“Look at all those moosen!” Robin breathed, looking out of the living room window at the snowy banks of Alaska.
“...You know, the plural of moose is moose… Right?” Lark remarked from beside her. Their resemblance was uncanny.
Even though he did not intend to give Robin umbrage, Robin took it as such, and the conversation quickly descended into an argument. “No! It’s moosen!”
“If you don’t believe me, google it.”
“I know what I’m talking about! Do you think i’m dumb?”
“Well, I’m sorry! It was just a suggestion!”
“Yeaah… Riiiiight… Just because you’re a minute older doesn’t make you any smarter!”
“I never said that! It’s not my fault you don’t know the plural of moose!”

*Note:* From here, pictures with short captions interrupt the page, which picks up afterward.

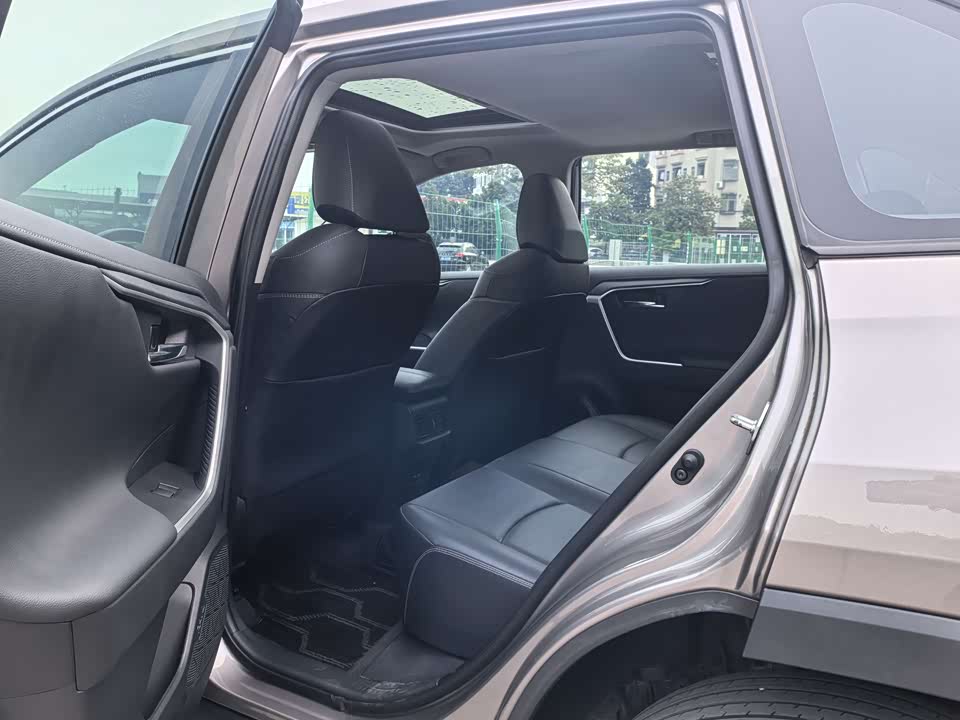 Toyota RAV4 Rongfang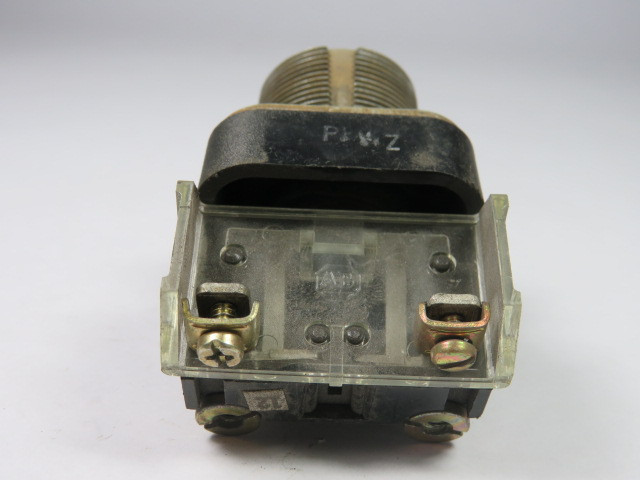 Allen-Bradley 800T-Q10 Series N Universal Pilot Light 120V No Lens USED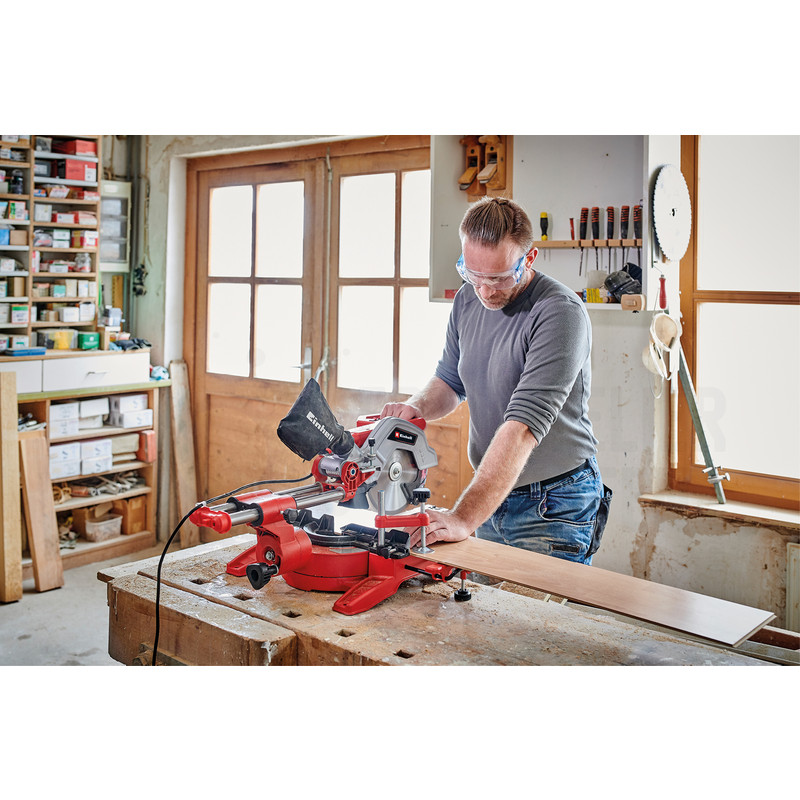 Einhell TC-SM 216 radiaal afkort- & verstekzaagmachine 1.600W 216mm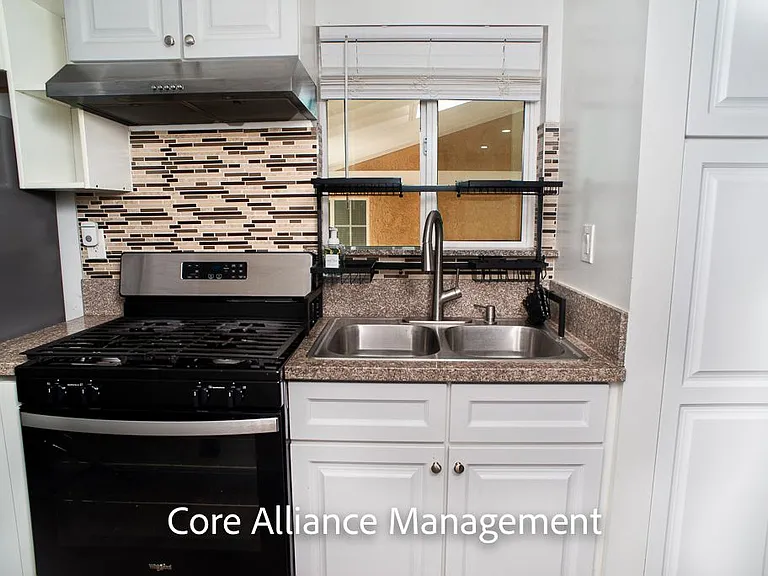 9413 Farralone Ave — Photo 2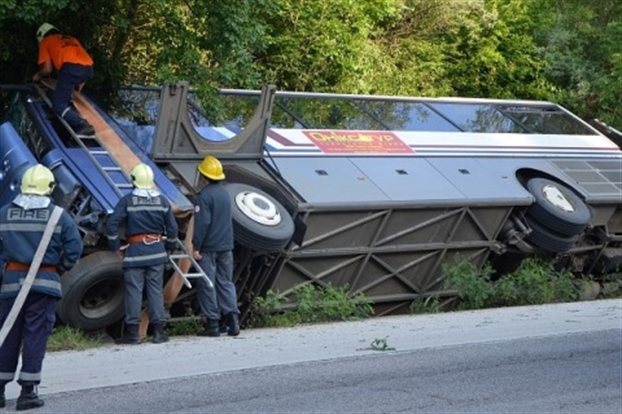 Ανατροπή ελληνικού λεωφορείου στη Σόφια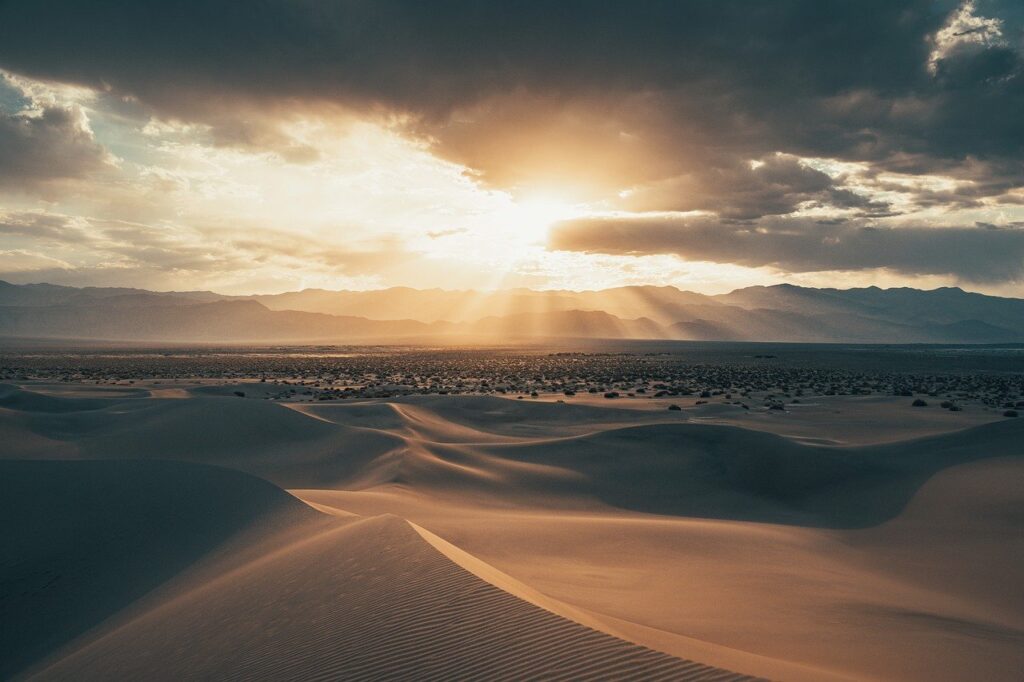 desert-dunes-death-valley-8041047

They continued to expostulate at one another until they heard a voice from the doorway on their left. It came from the twins’ petulant sister, Wren. Neither of them realized that she came down the stairs from her room and had been watching them for a few moments with jaded eyes.
“What are you two hollering about this time..” she muttered, shaking her head. How she longed for the prerogative of being an only child.
“Wren, what’s the plural of moose?” the tweens asked in unison.
“Well, how am I supposed to know? I’m not a walking dictionary! Why don’t you just look it up?” Wren responded in order to assuage the argument. A meritorious attempt, but to no avail.
“That’s what I--”
“But I don’t need to! I know I’m correct!” Robin stated, interrupting Lark.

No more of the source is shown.